**ABOUT THIS EXERCISE**
Transcribe the entries that come next exactly, but not the pictures they contain.

Captioned web image data
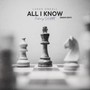 All I Know (Radio Edit)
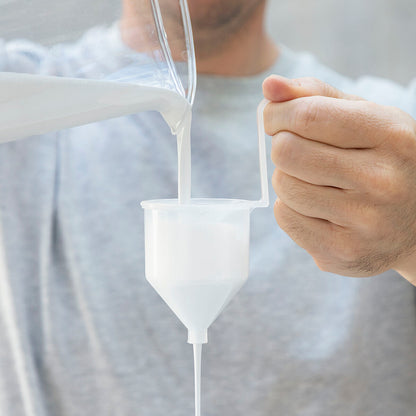 V11HFC407F6E2C2D5476DCFFA5D392834BD8R5274854P6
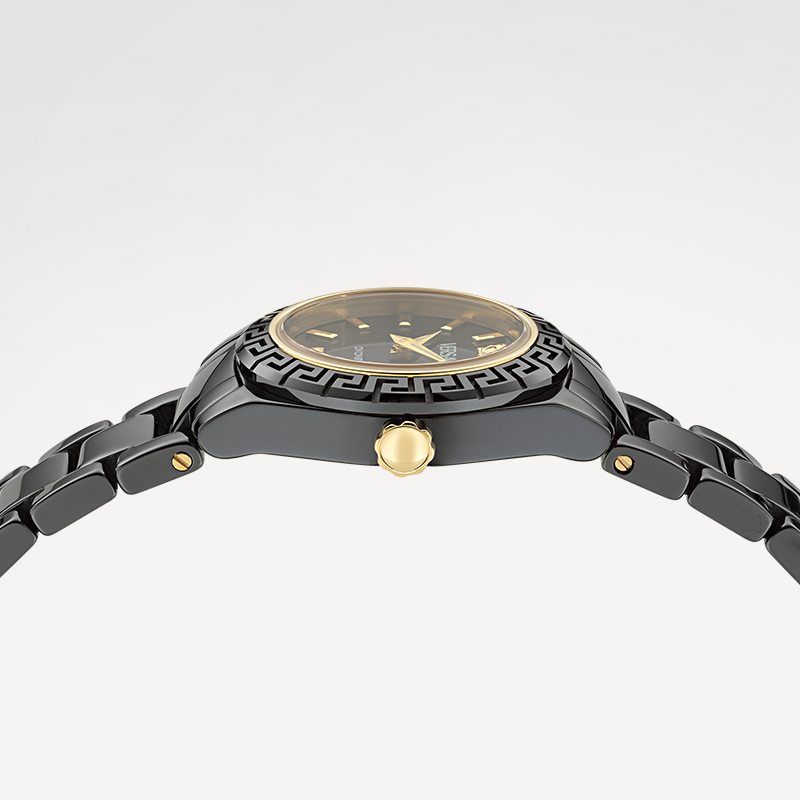 VERSACE 28mm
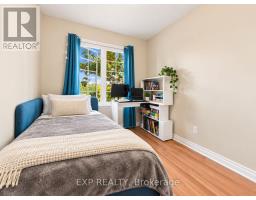 223 - 90 Edenvale Drive, Ottawa, ON K2K3N8 Photo 35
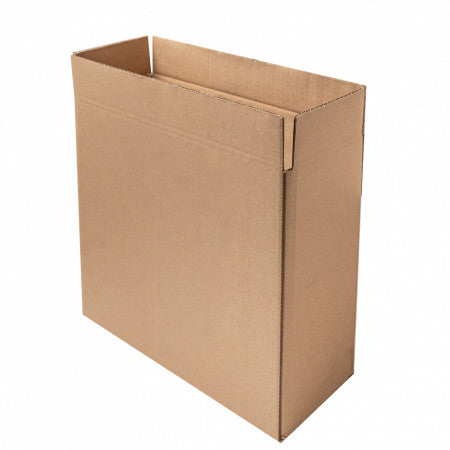 Cutie Carton 381x127x392 mm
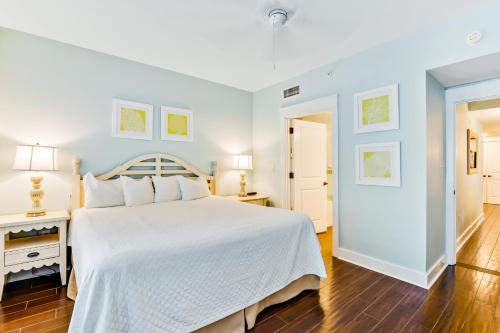Sandestin Baytowne Wharf 449 Market St Inn - image 8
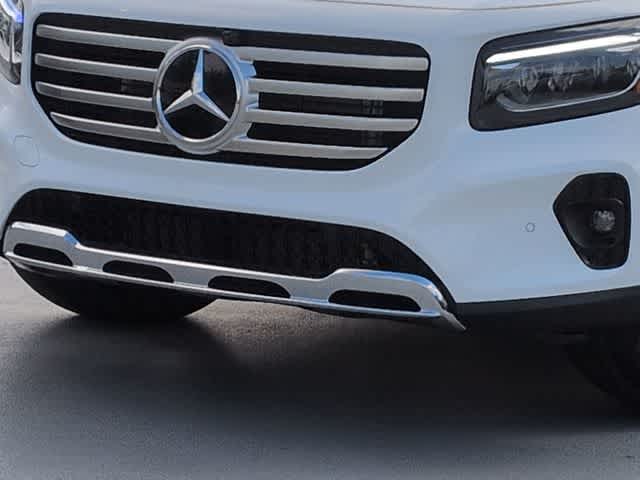Thumbnail: 2026 Mercedes-Benz GLB - 11
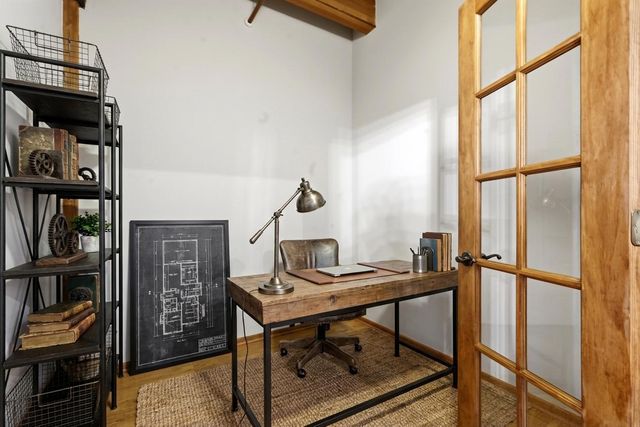 400 N 1st Street 502, Minneapolis, MN 55401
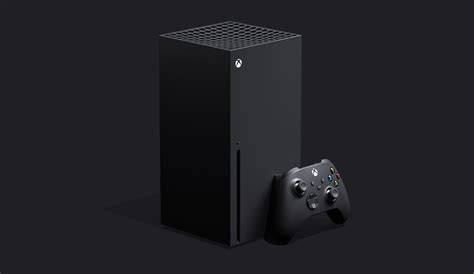 Microsoft (MSFT) Xbox Series X/S Plagued by Shortages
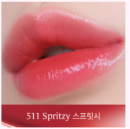 511.SPRITZY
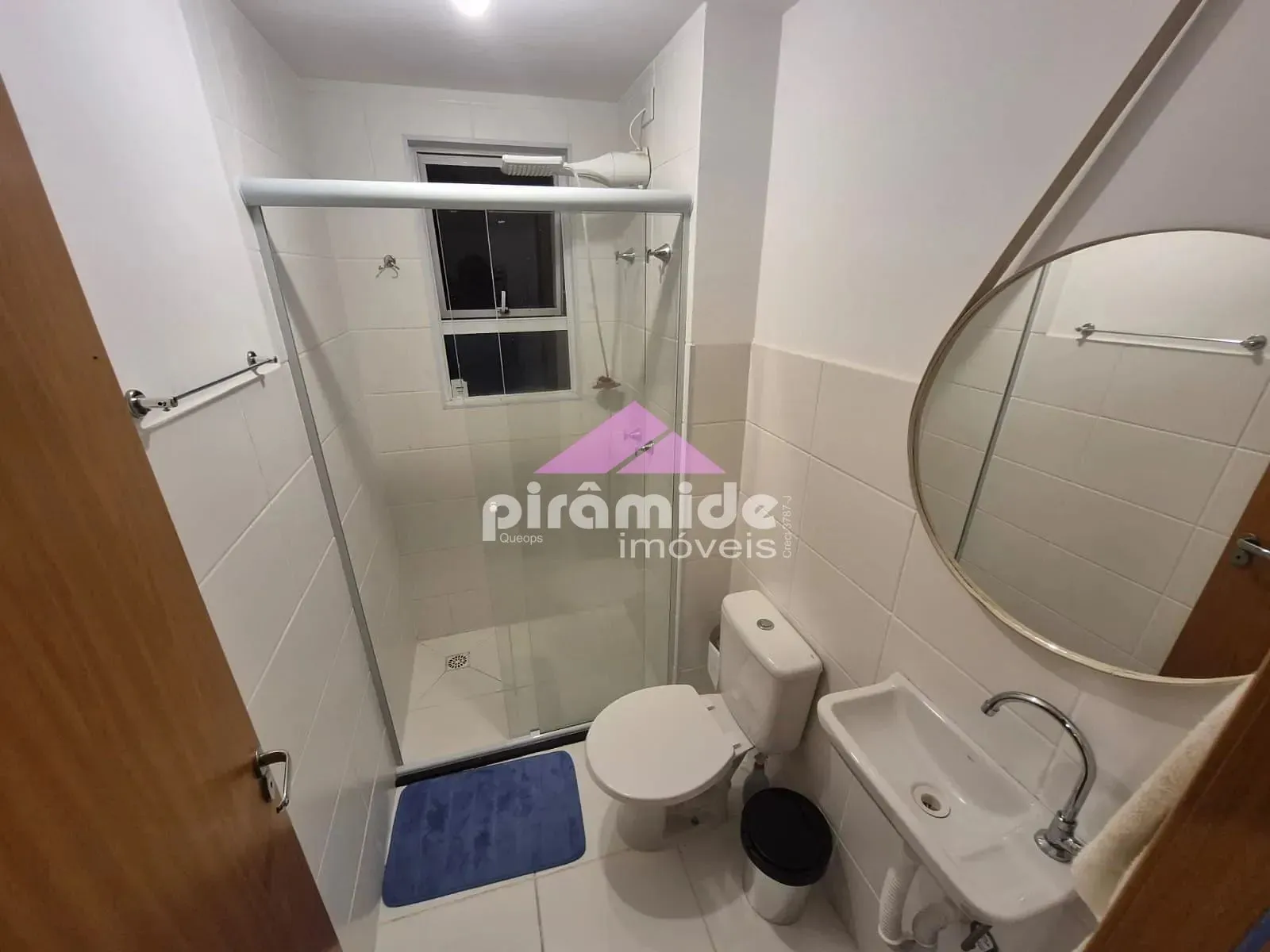 Apartamento, 3 quartos, 64 m² - Foto 17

**ANSWER TO THE PROBLEM**
 All I Know (Radio Edit)
 V11HFC407F6E2C2D5476DCFFA5D392834BD8R5274854P6
 VERSACE 28mm
 223 - 90 Edenvale Drive, Ottawa, ON K2K3N8 Photo 35
 Cutie Carton 381x127x392 mm
Sandestin Baytowne Wharf 449 Market St Inn - image 8
Thumbnail: 2026 Mercedes-Benz GLB - 11
 400 N 1st Street 502, Minneapolis, MN 55401
 Microsoft (MSFT) Xbox Series X/S Plagued by Shortages
 511.SPRITZY
 Apartamento, 3 quartos, 64 m² - Foto 17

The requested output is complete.